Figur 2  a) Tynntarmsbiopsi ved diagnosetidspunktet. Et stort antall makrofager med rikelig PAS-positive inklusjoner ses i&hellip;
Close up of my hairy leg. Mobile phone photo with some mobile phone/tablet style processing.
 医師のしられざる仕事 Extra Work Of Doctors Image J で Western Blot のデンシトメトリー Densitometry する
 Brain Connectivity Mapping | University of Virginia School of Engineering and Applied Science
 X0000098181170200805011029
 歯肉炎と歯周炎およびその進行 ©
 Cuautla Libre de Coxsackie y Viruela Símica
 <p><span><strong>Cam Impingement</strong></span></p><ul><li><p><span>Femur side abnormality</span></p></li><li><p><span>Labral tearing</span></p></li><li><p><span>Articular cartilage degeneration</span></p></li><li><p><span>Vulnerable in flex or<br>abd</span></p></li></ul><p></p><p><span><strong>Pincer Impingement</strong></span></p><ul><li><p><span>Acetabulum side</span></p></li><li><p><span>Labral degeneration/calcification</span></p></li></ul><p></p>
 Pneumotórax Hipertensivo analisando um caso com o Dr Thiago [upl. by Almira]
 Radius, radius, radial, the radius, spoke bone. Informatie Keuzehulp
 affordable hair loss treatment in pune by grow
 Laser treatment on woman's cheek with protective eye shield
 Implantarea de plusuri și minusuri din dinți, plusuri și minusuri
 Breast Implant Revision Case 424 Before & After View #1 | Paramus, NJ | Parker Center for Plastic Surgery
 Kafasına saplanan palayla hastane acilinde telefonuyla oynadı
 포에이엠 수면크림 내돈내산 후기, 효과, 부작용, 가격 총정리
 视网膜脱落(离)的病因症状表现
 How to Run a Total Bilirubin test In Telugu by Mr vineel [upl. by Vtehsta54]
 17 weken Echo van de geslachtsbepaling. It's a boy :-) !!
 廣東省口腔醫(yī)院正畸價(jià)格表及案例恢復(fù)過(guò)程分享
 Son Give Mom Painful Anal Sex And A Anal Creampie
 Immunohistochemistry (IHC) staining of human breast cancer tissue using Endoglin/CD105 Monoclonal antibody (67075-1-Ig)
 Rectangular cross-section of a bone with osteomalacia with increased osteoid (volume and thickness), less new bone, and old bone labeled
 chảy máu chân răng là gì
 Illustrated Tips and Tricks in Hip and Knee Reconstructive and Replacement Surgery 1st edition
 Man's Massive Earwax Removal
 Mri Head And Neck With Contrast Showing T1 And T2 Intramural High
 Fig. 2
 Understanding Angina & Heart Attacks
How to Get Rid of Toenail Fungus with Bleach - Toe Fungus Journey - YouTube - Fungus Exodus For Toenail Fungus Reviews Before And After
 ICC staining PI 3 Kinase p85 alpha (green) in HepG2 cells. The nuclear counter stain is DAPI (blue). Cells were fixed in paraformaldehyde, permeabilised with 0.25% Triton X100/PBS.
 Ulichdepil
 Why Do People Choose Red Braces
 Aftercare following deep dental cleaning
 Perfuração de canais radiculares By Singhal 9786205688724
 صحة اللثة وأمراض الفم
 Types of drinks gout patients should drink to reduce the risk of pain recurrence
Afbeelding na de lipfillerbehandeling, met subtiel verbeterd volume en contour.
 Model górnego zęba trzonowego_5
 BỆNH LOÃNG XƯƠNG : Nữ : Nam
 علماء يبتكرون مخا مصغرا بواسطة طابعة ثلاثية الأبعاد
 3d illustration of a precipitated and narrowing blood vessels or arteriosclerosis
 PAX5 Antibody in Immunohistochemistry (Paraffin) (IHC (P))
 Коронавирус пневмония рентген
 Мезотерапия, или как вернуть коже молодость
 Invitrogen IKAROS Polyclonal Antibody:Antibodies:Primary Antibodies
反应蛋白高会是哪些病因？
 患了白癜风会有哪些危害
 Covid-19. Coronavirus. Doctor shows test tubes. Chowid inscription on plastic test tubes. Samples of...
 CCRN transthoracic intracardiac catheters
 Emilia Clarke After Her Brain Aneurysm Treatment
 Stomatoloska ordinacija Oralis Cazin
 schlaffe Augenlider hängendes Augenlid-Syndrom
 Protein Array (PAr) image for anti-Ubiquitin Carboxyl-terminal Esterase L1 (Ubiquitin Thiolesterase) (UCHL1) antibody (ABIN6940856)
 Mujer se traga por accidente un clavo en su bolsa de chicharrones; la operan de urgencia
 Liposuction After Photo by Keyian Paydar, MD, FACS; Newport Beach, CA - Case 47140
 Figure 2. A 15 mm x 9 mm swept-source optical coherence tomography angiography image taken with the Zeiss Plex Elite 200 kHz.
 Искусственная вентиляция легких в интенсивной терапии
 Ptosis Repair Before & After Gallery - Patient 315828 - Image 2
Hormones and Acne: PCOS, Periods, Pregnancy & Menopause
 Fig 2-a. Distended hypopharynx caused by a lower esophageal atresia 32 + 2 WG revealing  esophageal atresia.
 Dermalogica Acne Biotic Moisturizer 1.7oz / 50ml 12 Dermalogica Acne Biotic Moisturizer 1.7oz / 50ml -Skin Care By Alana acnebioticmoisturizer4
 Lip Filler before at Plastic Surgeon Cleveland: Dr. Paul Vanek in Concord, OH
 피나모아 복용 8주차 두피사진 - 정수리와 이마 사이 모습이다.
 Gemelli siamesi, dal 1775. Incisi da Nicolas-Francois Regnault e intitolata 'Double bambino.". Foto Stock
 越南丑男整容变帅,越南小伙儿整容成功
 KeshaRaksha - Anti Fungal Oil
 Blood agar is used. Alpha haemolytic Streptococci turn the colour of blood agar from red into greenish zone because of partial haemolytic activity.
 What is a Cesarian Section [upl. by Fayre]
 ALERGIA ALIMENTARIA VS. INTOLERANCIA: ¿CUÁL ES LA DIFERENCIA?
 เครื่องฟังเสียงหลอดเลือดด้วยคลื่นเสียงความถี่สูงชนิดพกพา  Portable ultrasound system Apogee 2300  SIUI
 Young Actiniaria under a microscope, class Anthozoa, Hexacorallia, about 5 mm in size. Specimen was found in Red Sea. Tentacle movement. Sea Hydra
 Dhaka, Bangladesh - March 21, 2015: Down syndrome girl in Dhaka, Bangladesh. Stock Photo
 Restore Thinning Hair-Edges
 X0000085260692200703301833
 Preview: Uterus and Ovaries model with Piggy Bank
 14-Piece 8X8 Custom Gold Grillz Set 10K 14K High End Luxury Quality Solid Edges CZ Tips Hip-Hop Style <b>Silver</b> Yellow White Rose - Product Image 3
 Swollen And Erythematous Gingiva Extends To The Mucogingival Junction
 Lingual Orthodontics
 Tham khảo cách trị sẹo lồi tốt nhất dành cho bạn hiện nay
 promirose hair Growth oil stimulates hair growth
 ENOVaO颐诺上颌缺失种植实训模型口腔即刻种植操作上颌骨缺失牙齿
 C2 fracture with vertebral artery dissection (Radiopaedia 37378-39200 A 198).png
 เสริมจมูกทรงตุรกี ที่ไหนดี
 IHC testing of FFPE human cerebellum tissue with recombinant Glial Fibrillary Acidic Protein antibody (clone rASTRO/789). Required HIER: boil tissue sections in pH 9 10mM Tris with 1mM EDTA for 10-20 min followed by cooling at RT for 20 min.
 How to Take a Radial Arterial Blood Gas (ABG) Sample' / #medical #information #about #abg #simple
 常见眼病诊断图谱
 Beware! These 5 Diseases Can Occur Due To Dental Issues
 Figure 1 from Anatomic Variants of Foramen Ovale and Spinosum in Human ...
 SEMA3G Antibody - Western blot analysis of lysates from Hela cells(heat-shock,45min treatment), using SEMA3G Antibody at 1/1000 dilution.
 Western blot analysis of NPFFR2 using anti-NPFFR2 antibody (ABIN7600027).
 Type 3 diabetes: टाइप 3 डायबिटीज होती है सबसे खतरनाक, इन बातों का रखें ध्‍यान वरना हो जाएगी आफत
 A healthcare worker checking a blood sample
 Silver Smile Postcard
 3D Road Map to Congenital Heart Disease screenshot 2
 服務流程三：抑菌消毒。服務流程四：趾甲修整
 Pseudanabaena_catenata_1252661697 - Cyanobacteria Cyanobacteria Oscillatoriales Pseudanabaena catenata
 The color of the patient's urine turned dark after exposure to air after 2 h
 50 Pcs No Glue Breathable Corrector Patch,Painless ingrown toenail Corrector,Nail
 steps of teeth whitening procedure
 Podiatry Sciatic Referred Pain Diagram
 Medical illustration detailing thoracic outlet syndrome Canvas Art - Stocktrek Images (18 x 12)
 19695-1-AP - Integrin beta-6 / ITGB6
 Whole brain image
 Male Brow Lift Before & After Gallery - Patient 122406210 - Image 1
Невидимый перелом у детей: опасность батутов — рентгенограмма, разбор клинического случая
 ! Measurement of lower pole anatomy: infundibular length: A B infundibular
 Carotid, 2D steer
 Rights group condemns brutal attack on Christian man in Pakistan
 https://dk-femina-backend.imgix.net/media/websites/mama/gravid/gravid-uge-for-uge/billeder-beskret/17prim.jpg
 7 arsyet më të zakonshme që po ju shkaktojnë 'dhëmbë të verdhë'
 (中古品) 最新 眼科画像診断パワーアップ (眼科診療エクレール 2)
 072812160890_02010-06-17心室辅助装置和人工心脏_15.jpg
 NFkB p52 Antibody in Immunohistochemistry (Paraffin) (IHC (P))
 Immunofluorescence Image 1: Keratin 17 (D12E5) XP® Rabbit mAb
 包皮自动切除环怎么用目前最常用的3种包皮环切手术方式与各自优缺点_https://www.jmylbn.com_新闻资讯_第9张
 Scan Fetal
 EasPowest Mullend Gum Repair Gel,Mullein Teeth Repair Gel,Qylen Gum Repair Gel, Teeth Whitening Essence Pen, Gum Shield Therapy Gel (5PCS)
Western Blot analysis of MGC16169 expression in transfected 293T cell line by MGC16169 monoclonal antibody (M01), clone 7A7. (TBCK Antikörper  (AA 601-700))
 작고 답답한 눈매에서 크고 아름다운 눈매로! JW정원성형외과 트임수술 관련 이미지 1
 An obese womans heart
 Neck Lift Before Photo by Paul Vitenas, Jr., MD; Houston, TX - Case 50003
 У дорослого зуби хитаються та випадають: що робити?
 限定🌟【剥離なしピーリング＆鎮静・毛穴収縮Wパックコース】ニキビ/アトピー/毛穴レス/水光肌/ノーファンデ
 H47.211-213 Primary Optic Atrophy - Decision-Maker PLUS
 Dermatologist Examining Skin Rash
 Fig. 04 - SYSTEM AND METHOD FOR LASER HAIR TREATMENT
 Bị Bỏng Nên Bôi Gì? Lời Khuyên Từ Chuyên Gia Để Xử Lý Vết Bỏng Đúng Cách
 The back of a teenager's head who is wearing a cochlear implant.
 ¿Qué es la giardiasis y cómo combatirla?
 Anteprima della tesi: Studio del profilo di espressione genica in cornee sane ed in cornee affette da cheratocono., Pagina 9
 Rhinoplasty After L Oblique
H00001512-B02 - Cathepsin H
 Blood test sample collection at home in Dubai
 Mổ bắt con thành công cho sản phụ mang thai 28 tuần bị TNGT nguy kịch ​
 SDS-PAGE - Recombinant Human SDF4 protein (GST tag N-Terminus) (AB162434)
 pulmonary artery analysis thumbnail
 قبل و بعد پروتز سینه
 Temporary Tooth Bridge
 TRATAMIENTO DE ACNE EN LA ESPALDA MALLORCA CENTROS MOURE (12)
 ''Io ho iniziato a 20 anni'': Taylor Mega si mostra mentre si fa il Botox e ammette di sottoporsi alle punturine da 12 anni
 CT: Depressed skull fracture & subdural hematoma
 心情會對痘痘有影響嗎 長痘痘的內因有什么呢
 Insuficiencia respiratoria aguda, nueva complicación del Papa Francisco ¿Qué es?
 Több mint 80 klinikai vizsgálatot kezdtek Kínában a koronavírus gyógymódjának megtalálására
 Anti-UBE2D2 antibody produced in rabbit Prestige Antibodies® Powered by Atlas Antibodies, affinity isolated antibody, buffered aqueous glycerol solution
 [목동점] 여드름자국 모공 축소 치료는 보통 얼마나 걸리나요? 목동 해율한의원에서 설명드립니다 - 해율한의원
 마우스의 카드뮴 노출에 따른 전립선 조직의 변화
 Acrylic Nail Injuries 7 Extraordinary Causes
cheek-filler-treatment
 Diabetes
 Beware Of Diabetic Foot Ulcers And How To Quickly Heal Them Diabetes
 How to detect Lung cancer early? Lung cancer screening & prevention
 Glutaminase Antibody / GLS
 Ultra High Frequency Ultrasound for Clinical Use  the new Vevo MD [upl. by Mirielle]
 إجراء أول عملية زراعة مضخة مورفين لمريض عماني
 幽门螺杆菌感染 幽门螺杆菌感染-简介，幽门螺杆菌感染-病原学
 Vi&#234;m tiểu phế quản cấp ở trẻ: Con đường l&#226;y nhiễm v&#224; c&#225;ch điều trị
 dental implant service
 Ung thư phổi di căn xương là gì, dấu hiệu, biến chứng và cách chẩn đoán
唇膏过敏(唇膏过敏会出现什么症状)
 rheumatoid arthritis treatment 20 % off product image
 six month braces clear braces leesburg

◇ ◇ ◇ ◇ ◇

Reproduce word for word only the first line of the listing above and each line after it through the line with "cartilage degeneration</span></p></li><li><p><span>Vulnerable in".

RESULT FOR THIS EXERCISE ▸
Figur 2  a) Tynntarmsbiopsi ved diagnosetidspunktet. Et stort antall makrofager med rikelig PAS-positive inklusjoner ses i&hellip;
Close up of my hairy leg. Mobile phone photo with some mobile phone/tablet style processing.
 医師のしられざる仕事 Extra Work Of Doctors Image J で Western Blot のデンシトメトリー Densitometry する
 Brain Connectivity Mapping | University of Virginia School of Engineering and Applied Science
 X0000098181170200805011029
 歯肉炎と歯周炎およびその進行 ©
 Cuautla Libre de Coxsackie y Viruela Símica
 <p><span><strong>Cam Impingement</strong></span></p><ul><li><p><span>Femur side abnormality</span></p></li><li><p><span>Labral tearing</span></p></li><li><p><span>Articular cartilage degeneration</span></p></li><li><p><span>Vulnerable in flex or<br>abd</span></p></li></ul><p></p><p><span><strong>Pincer Impingement</strong></span></p><ul><li><p><span>Acetabulum side</span></p></li><li><p><span>Labral degeneration/calcification</span></p></li></ul><p></p>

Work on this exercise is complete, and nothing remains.